Though the Seawolf-class submarine suffered some injuries to crew members and some damage, the Navy said the nuclear propulsion plant was not damaged in the accident. None of the injuries were life-threatening.

The command investigation for the USS Connecticut has been submitted to Vice Adm. Karl Thomas, the commander of 7th Fleet, for his review, according to the statement. Thomas will decide whether “follow-on actions, including accountability, are appropriate.”

USNI News was the first to report the findings of the investigation.

The collision came at a particularly sensitive time in US-China relations, as the Chinese military was sending waves of aircraft into Taiwan’s Air Defense Identification Zone. On the day of the crash, China flew 39 aircraft into the Air Defense Identification Zone. Two days later, China flew a record 56 aircraft into the zone in a 24-hour period.

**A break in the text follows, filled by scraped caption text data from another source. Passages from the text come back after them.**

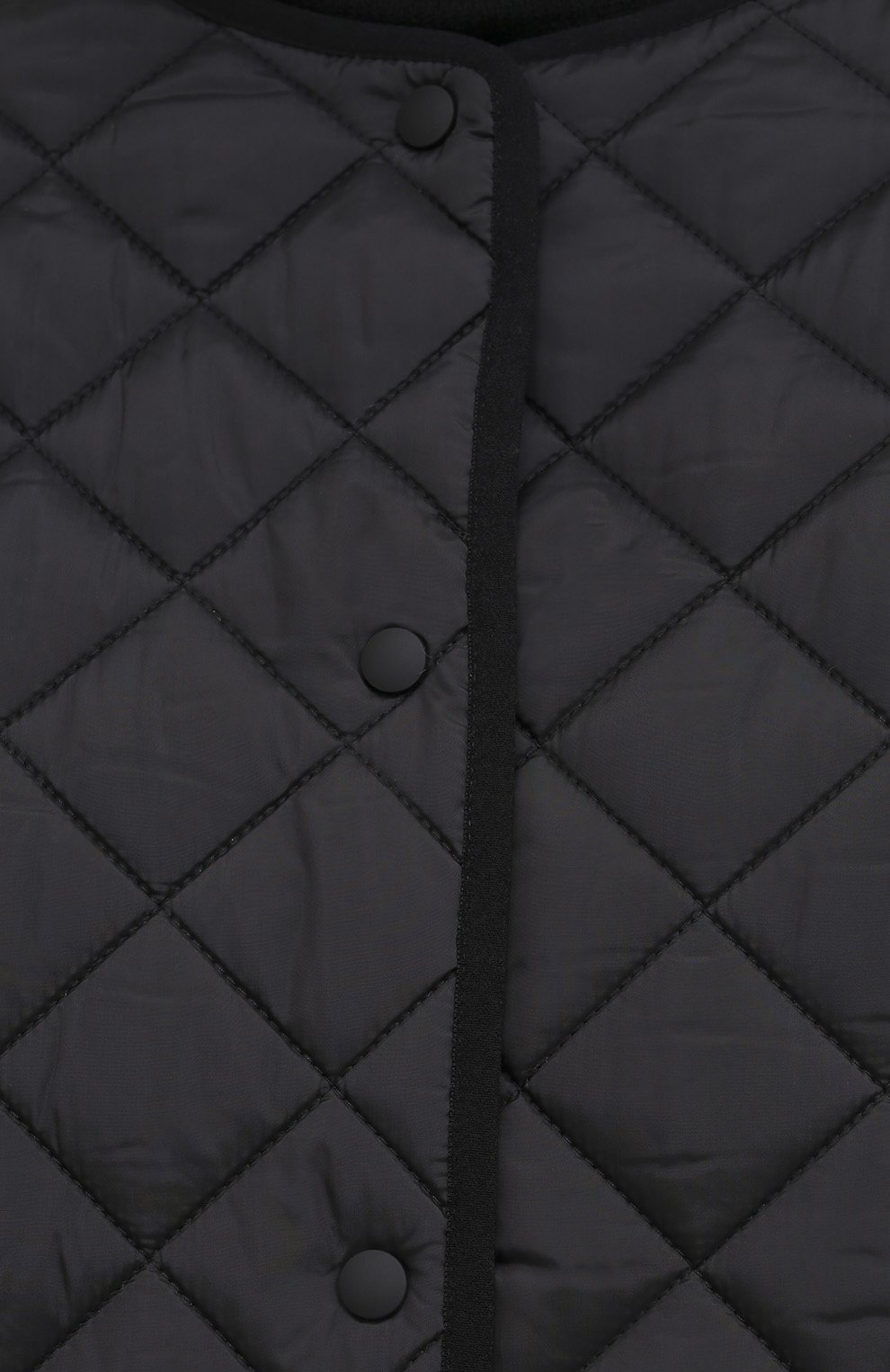 Куртка TOTEME, арт. DUBLIN 195-177-732, фото 5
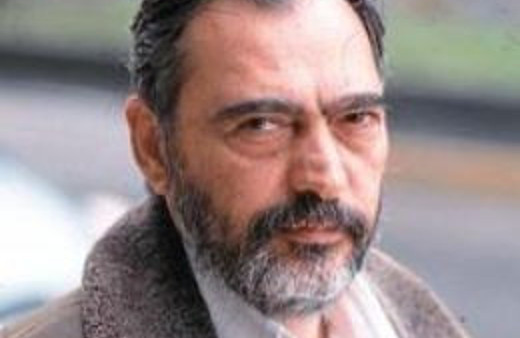 Mahçupyan'dan kritik 'Ermeni soykırımı' açıklaması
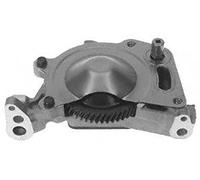 MAHLE 6018101 Pompa Olio Motore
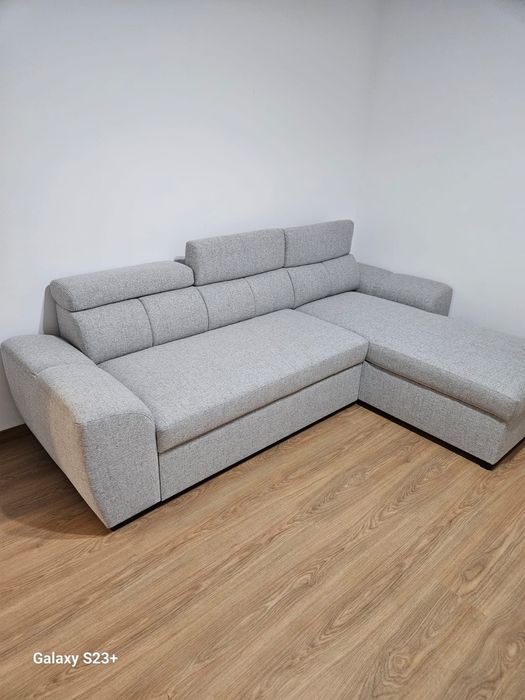 72.500€..Apartament 1 cameră. LUX !!! Se vinde ap.o cameră în bloc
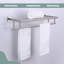Porte-serviettes mural-1868655444-1868655450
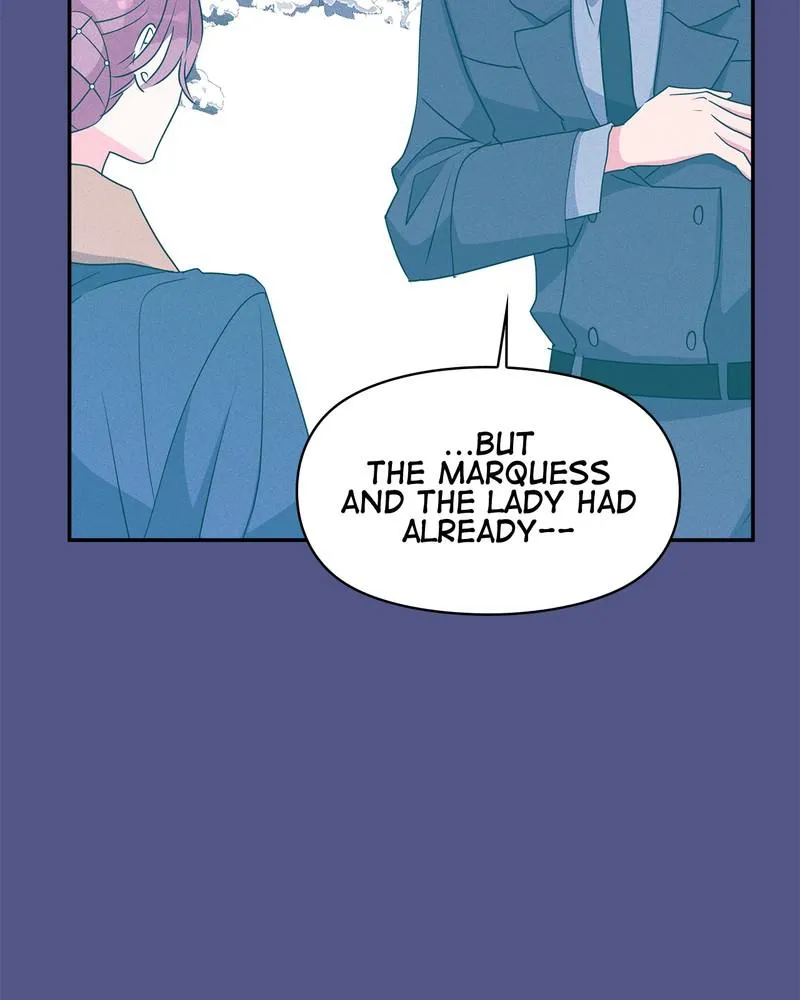 Read My Gently Raised Beast (en) Manga Online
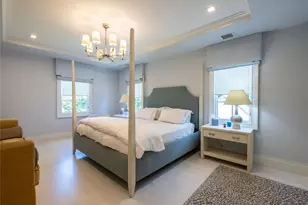 16 Ridge Dr E, Great Neck, NY 11021 - Photo 31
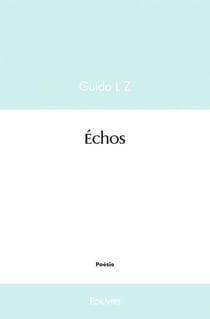 Échos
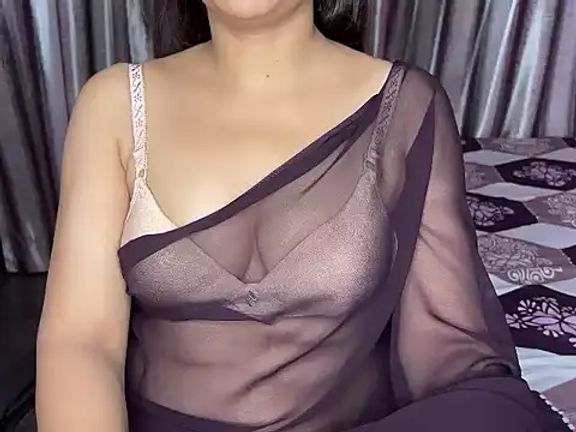 Radhika_4_you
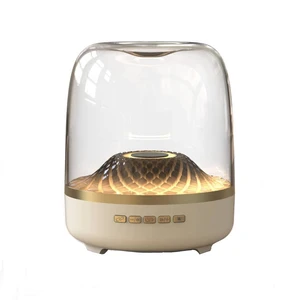 اسپیکر قابل حمل مدل BASS-35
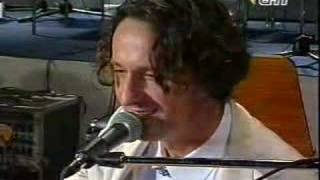 Goran Bregovic  In the Death Car Live Sarajevo 2000 [upl. by Carolyne429]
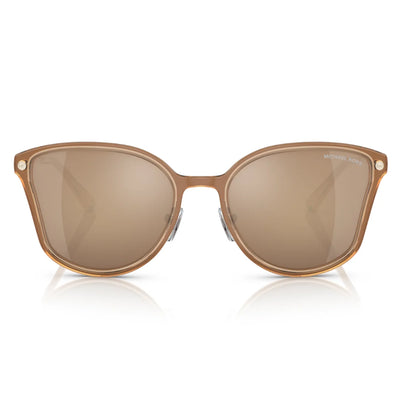 Michael Kors Turin MK1115 10147P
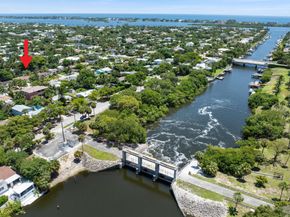 353 Gregory Road, West Palm Beach FL 33405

Though the number of incursions ebbed for a short period, they have since begun again. On Sunday, Taiwan’s Ministry of Defense said eight People’s Liberation Army aircraft entered the Air Defense Identification Zone, with another six flying in on Monday.

Meanwhile, the tensions between Washington and Beijing have increased. Last week, US Secretary of State Antony Blinken called for Taiwan to have “meaningful participation” at the United Nations, calling Taiwan’s participation “not a political issue, but a pragmatic one.”

The statement drew an angry rebuke from Beijing, which views unification with the independently ruled island as one of its primary objectives and adamantly opposes Taipei’s participation in international forums.

“Should the US side choose to continue playing the ill-advised ‘Taiwan card,’ it would inevitably pose seismic risks to China-US relations, seriously undermine peace and stability across the Taiwan Strait, and gravely harm the interests of the US itself,” Foreign Ministry spokesman Zhao Lijian said a day after Blinken’s statement.

Zhao also said that Taipei’s current policy is “the greatest realistic threat to peace and stability across the Taiwan Strait.”

On Thursday, Taiwan’s defense minister openly acknowledged that US military personnel are training Taiwanese troops.

“The US military is only assisting in training (our troops), but they are not based here,” Chiu Kuo-cheng said, according to Taiwan’s official Central News Agency.